If someone was able to produce better code in some way before, despite any OSS
alternatives available at the time, why would anyone assume they could not
also maintain and develop that code more effectively than the same OSS
community and projects in the future? That makes no sense.

A lot of developers seem to make dubious assumptions today about the quality
of something they could import compared to the quality of what they could
build in-house. There’s little reason or evidence to support a lot of those
assumptions, but people continue to make them regardless, because hype and
inexperience are things.

If you’re talking about a huge OSS project with many contributors, quite a few
experts involved, well-established infrastructure and funding, and so on, then
sure, it’s a tough thing to beat. I couldn’t set up and maintain a new
operating system with the same capabilities as something like Debian or
FreeBSD, and neither could any other small team.

But most OSS isn’t like that. Lots of OSS projects have only a single main
developer, or maybe a small team of contributors, and those people may or may
not be as skilled, experienced, dedicated or simply available as your in-house
team. Lots of OSS projects effectively get abandoned, sometimes even well-
known ones with lots of contributors, major commercial backing and a large
user base. Lots of OSS projects are highly unstable, and if you depend on one
that needs constant updates to keep it working, that’s an overhead of its own.
There is precious little evidence that OSS quality is better _in general_ than
something a good team could have built in-house.

And even if none of those things were true, your own in-house development
would still be focussed on your specific needs and priorities, instead of
trying to be a generic tool with potentially a lot of functionality (and risk)
you don’t need, and potentially being steered in a future development
direction than doesn’t meet your needs as effectively.

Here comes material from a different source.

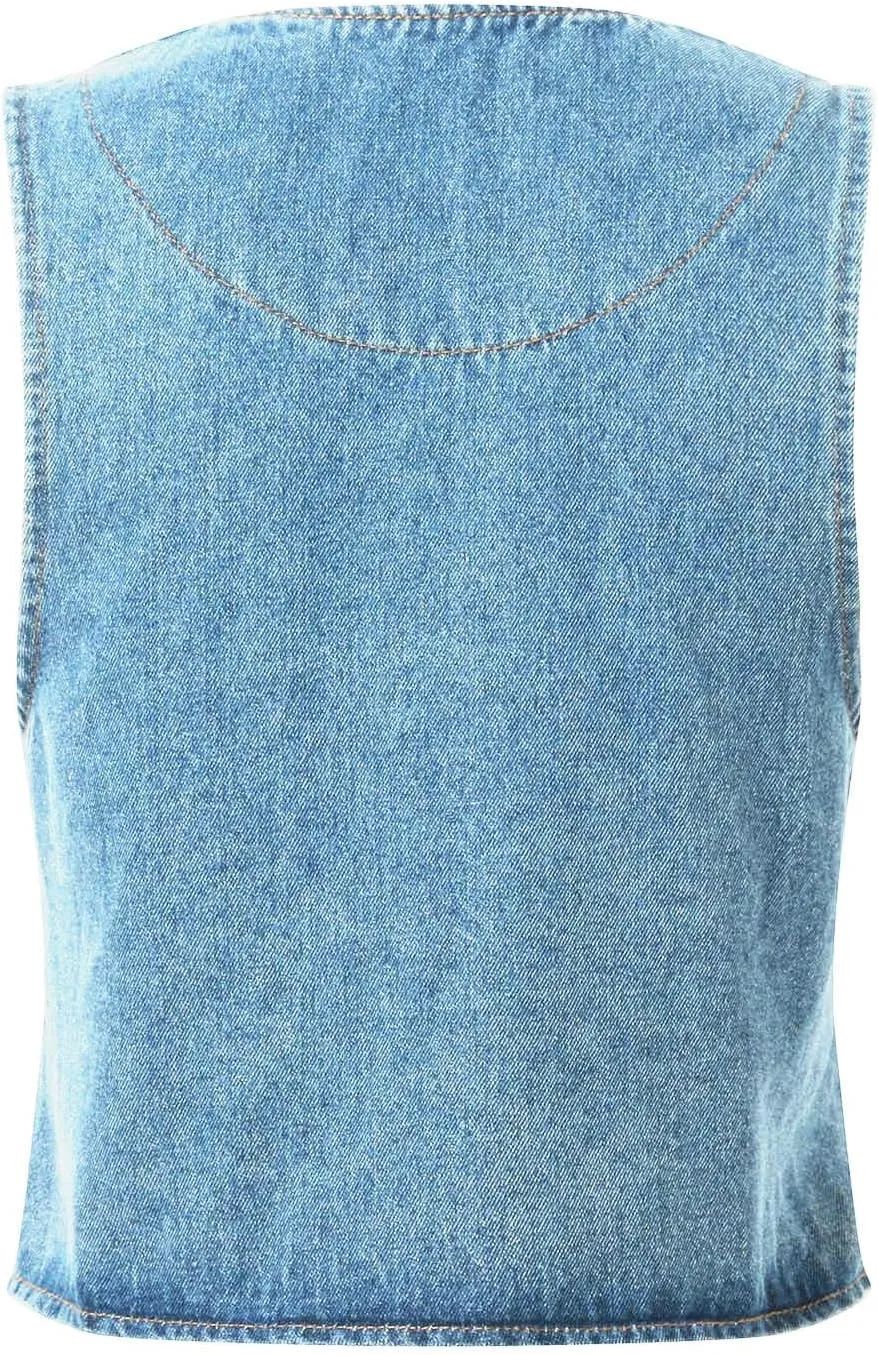 Women Denim Vest Summer Sleeveless Casual Tank Tops Bow Tie Front V Neck Crop Tops Trendy Streetwear Jean Tanks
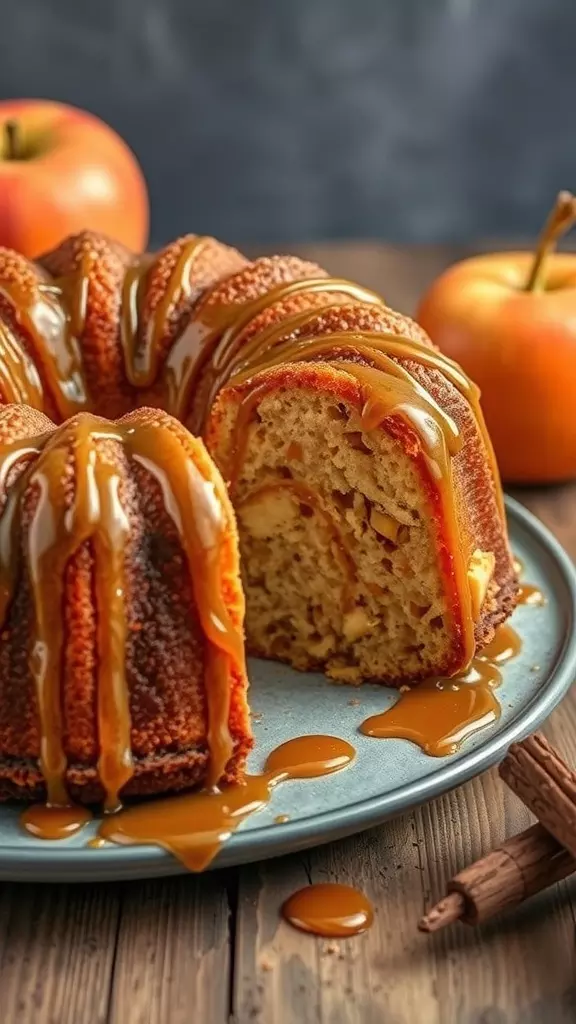 A delicious Old-Fashioned Caramel Apple Pound Cake drizzled with caramel sauce, surrounded by fresh apples.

 _Don 't write it unless you intend to own it._

The flip side of that is that if you do want to own it, writing it in-house
may well be a better option.

Obviously there has to be a balance, and reinventing the wheel (or a sports
car) for every project isn’t necessarily a good use of time and resources.
Bringing in a good external tool or library that solves a problem for your
project effectively can be a huge win, particularly if it’s in an area that
isn’t a core part of your own project.

However, I believe the current culture in some parts of our industry is
_crazily_ biased towards bringing in external libraries to do every little
thing. That is a very dangerous trend that we must challenge, because we’re
writing an awful lot of awful software as a result.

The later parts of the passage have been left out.